Activity:
Taking the line with "Lote de 5 Bufanda" as the first and the line with "Load image into" as the last, set down the lines below exactly, pictures excluded.

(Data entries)
........

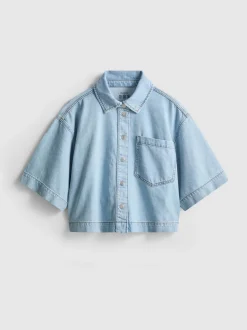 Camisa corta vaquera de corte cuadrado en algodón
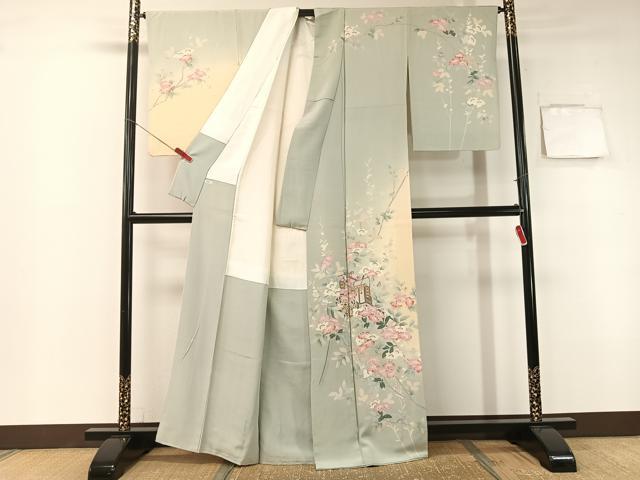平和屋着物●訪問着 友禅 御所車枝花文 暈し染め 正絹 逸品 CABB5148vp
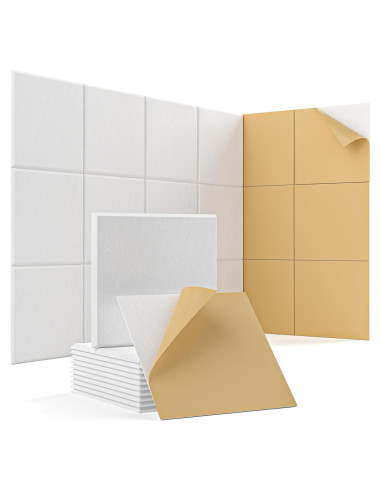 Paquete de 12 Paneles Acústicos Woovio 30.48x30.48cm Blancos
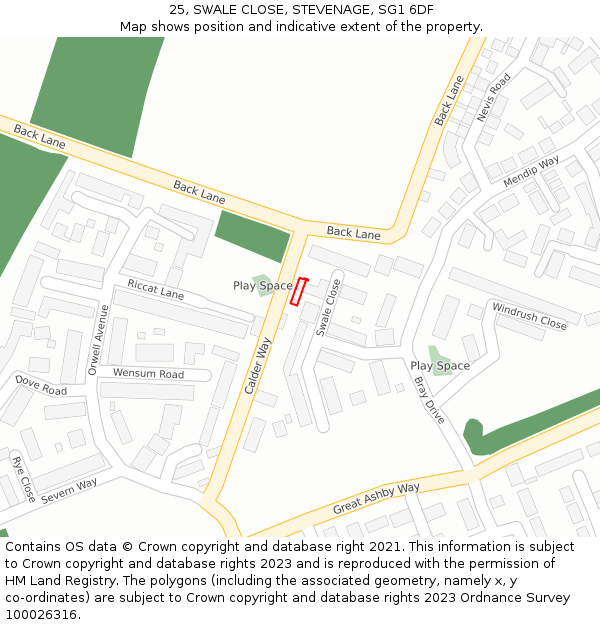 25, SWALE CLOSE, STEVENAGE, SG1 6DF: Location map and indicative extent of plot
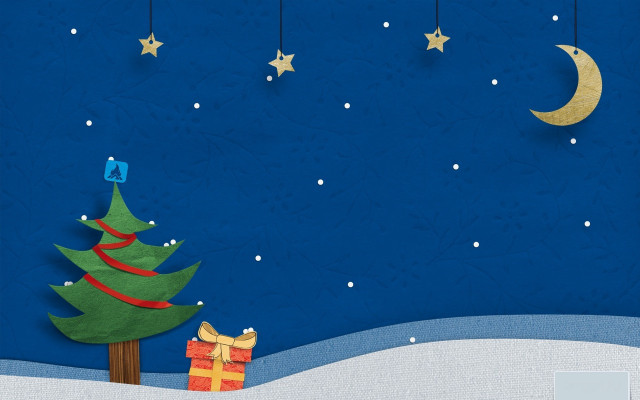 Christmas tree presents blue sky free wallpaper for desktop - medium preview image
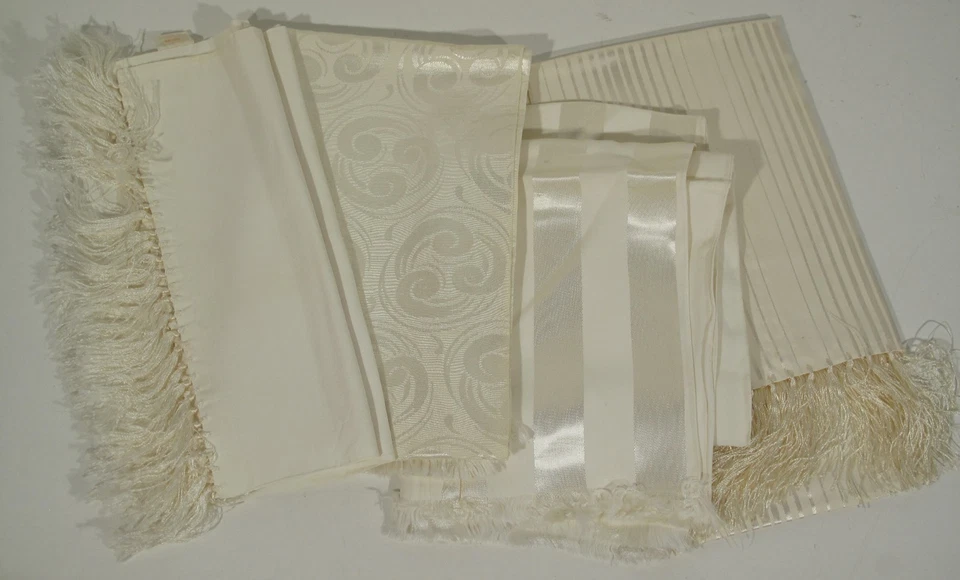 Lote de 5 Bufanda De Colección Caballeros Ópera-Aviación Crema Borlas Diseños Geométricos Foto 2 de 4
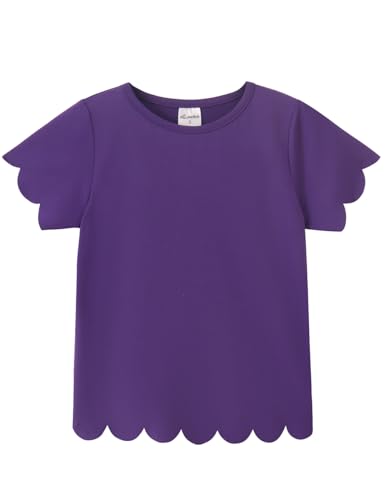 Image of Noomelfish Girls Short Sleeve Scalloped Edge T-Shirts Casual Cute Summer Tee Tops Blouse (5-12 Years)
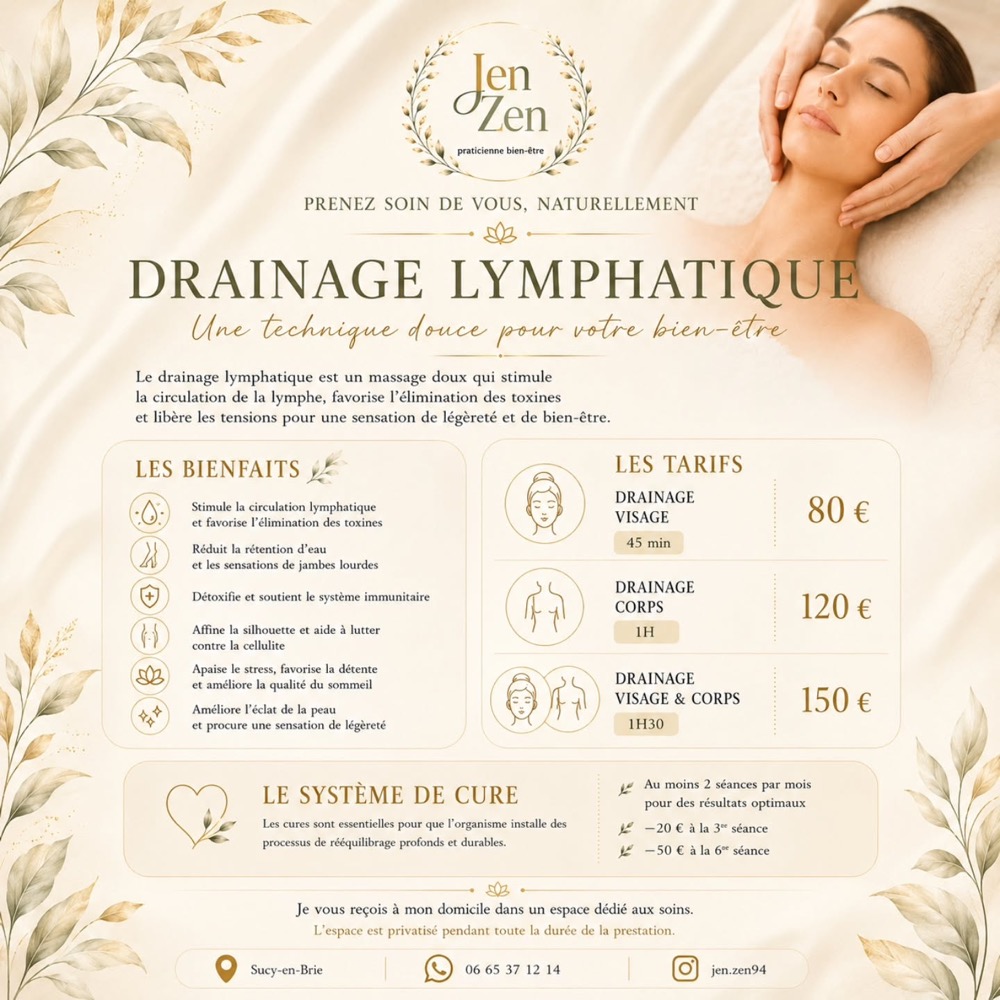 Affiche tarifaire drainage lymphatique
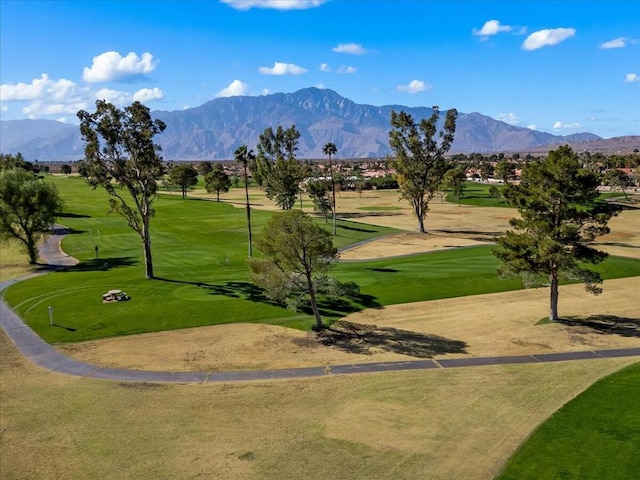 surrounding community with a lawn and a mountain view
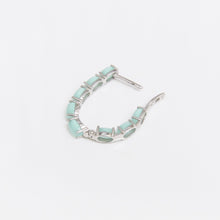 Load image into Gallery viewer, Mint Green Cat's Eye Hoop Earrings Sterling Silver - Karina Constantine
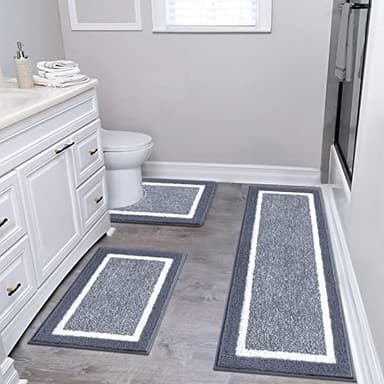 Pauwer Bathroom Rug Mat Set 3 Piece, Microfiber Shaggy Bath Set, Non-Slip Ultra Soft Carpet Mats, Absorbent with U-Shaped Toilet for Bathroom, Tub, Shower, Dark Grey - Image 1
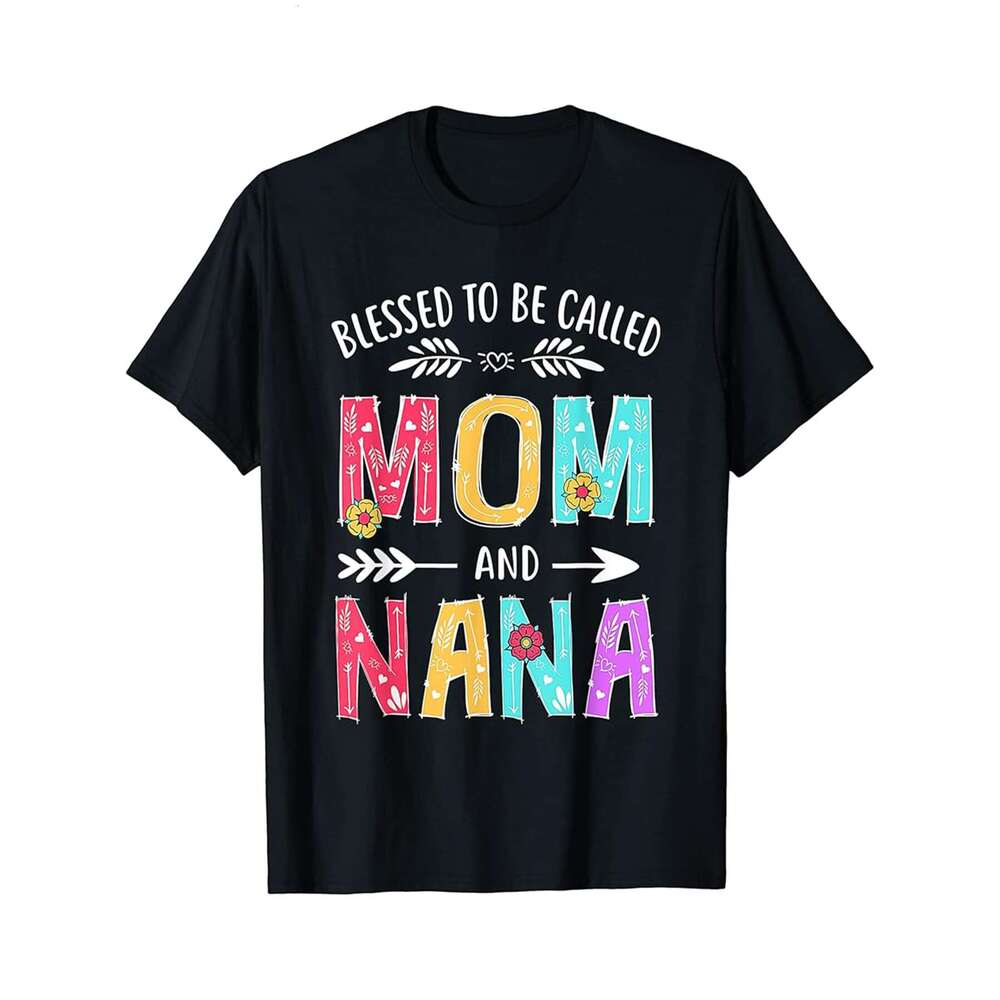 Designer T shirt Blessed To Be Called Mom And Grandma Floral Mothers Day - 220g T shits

........

Output:
 Lote de 5 Bufanda De Colección Caballeros Ópera-Aviación Crema Borlas Diseños Geométricos Foto 2 de 4
 Image of Noomelfish Girls Short Sleeve Scalloped Edge T-Shirts Casual Cute Summer Tee Tops Blouse (5-12 Years)
 Affiche tarifaire drainage lymphatique
 surrounding community with a lawn and a mountain view
 Load image into Gallery viewer, Mint Green Cat's Eye Hoop Earrings Sterling Silver - Karina Constantine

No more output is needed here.